Scraped caption text data
****************
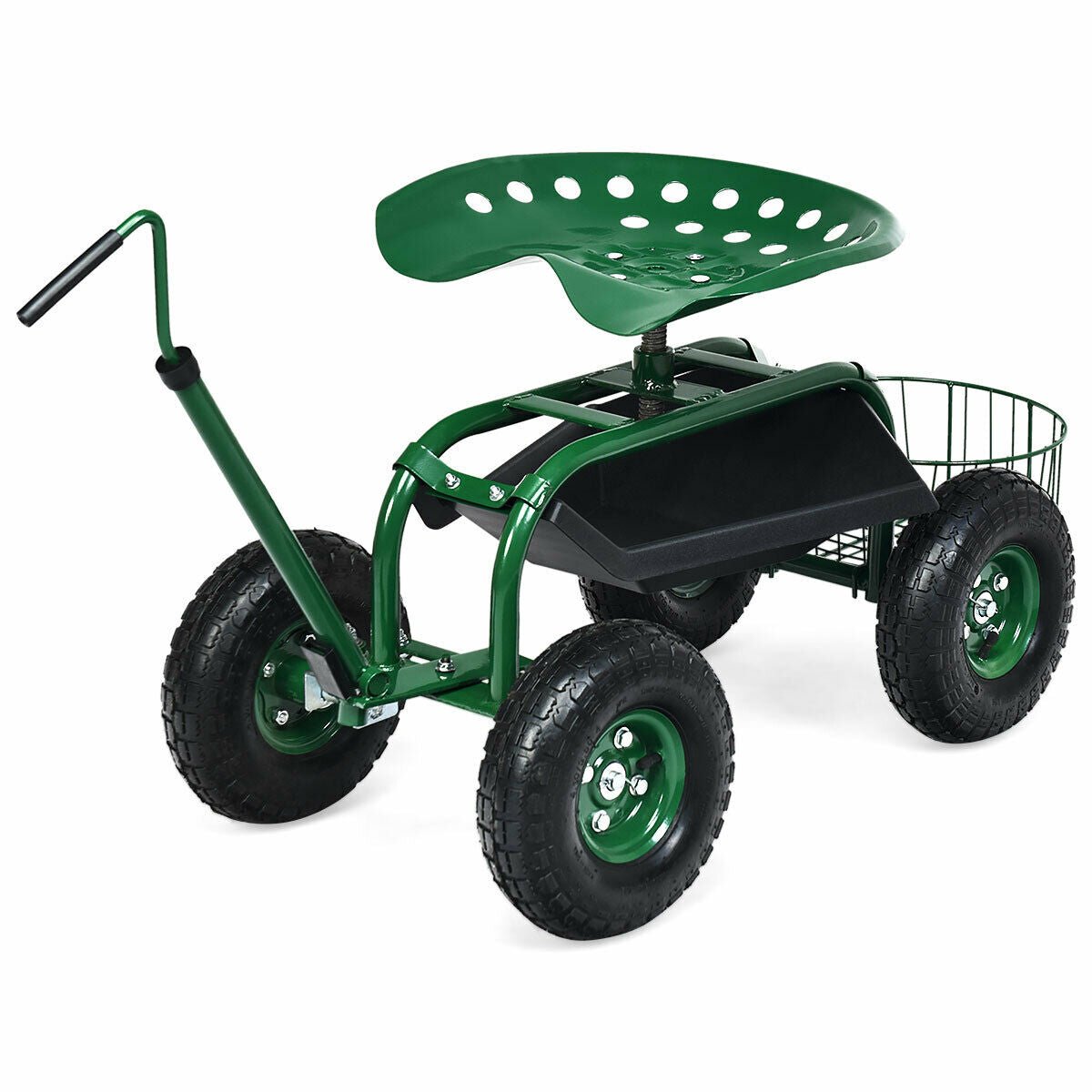 Rolling Garden Cart with Seat – Adjustable Swivel Scooter Wagon (Green) - Napa Valley Wildflower Co.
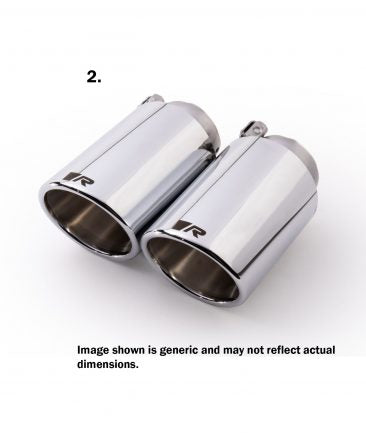 Remus 102mm Polished Chrome Rolled-Lip Exhaust Tips Pair Clamp-On – Tailpipe Trims/Finishers – BMW 2 Series M240i F22 F23 B58, BMW 6 Series E63 E64 645Ci 650Ci, VW Golf GTI Mk7 – Angle Cut Twin Exit – Part 0026 70S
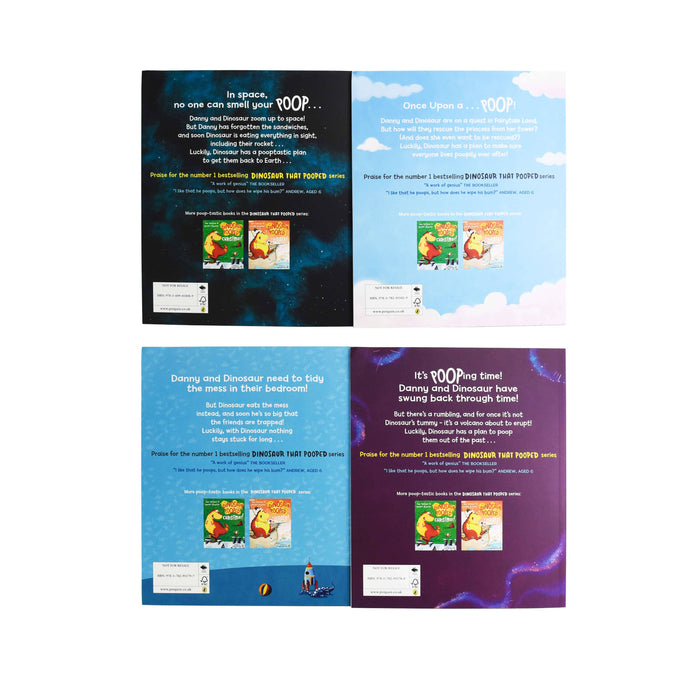 The Dinosaur That Pooped 4 Books Collection By Tom Fletcher and Dougie Poynter - Ages 2-6 - Paperback 0-5 Red Fox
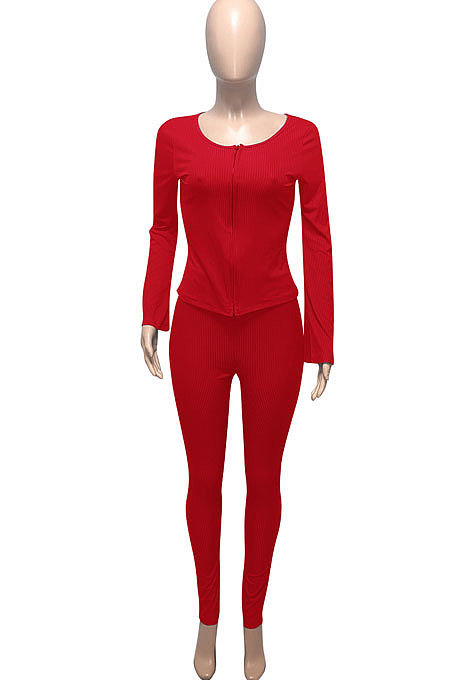 Red Euramerican Women Autumn Winter Ribber Pure Color Zipper Cardigan Bodycon Long Pants Sets Q939-2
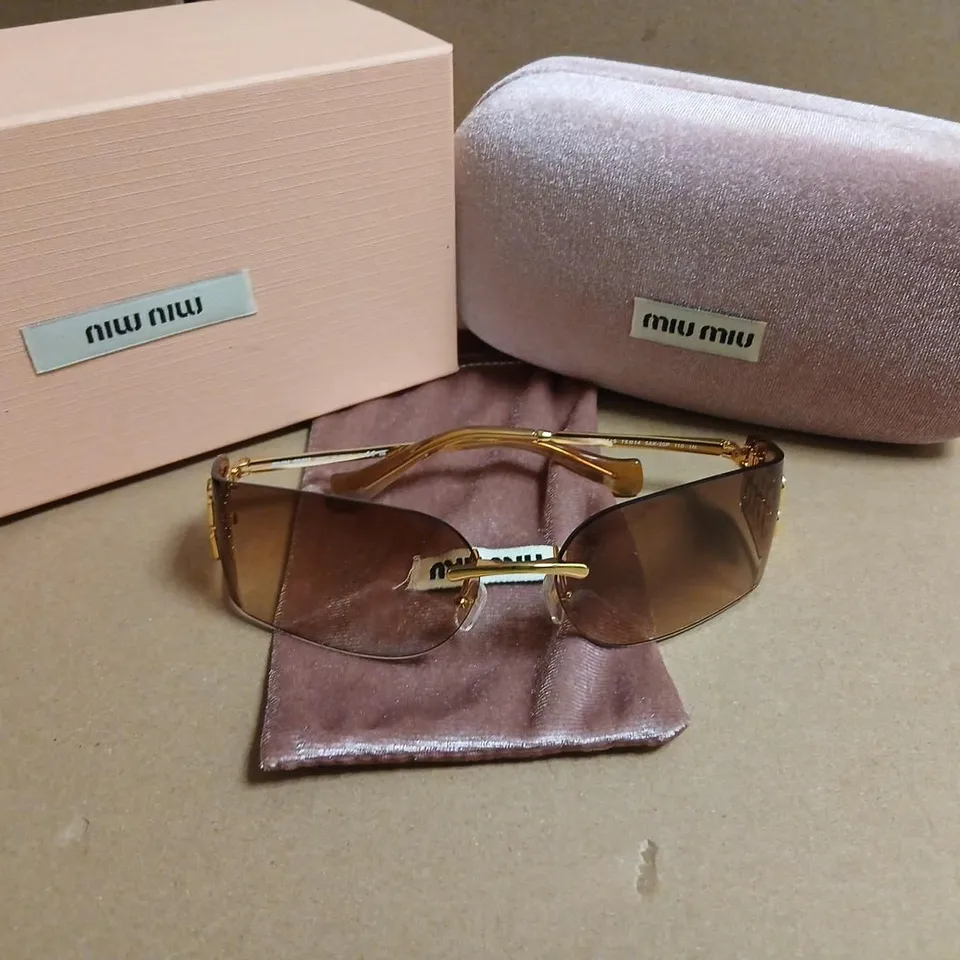 MIU MIU SUNGLASSES – BROWN GRADIENT LENSES, GOLD-TONE FRAME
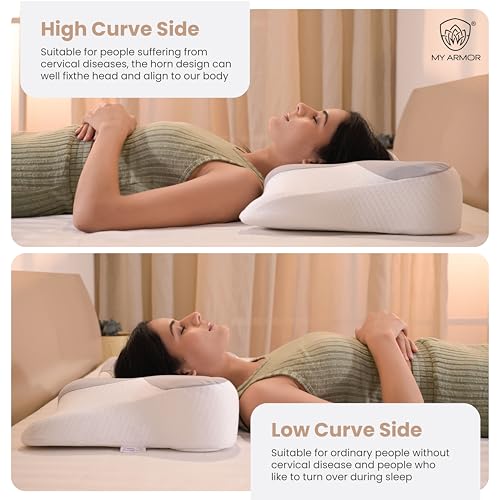 MY ARMOR Cervical Memory Foam Pillow for Neck Pain Relief | Butterfly Orthopedic Contour Pillow | Dual Height Ergonomic Design for Side, Back Sleepers | Shoulder Support Cushion with Arm Rest - Image 4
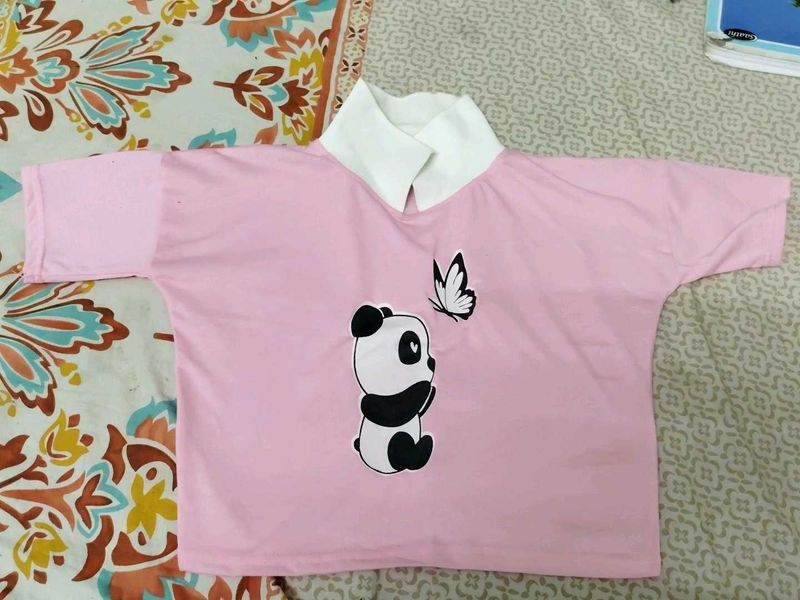 Cute Panda White Collared Pink Top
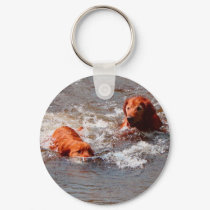 two dogs playing in the water keychain
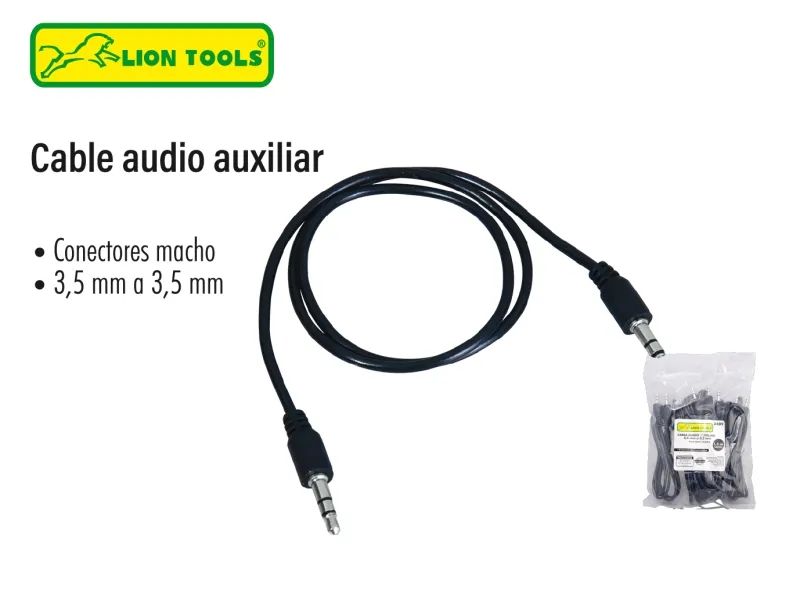 [2409L] CABLE AUDIO AUXILIAR POR PZA*** LION TOOLS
****************
- About this task: Exact copies of the entries above are needed, without their pictures.

- Exercise response:
 Rolling Garden Cart with Seat – Adjustable Swivel Scooter Wagon (Green) - Napa Valley Wildflower Co.
 Remus 102mm Polished Chrome Rolled-Lip Exhaust Tips Pair Clamp-On – Tailpipe Trims/Finishers – BMW 2 Series M240i F22 F23 B58, BMW 6 Series E63 E64 645Ci 650Ci, VW Golf GTI Mk7 – Angle Cut Twin Exit – Part 0026 70S
 The Dinosaur That Pooped 4 Books Collection By Tom Fletcher and Dougie Poynter - Ages 2-6 - Paperback 0-5 Red Fox
 Red Euramerican Women Autumn Winter Ribber Pure Color Zipper Cardigan Bodycon Long Pants Sets Q939-2
 MIU MIU SUNGLASSES – BROWN GRADIENT LENSES, GOLD-TONE FRAME
 MY ARMOR Cervical Memory Foam Pillow for Neck Pain Relief | Butterfly Orthopedic Contour Pillow | Dual Height Ergonomic Design for Side, Back Sleepers | Shoulder Support Cushion with Arm Rest - Image 4
 Cute Panda White Collared Pink Top
 two dogs playing in the water keychain
 [2409L] CABLE AUDIO AUXILIAR POR PZA*** LION TOOLS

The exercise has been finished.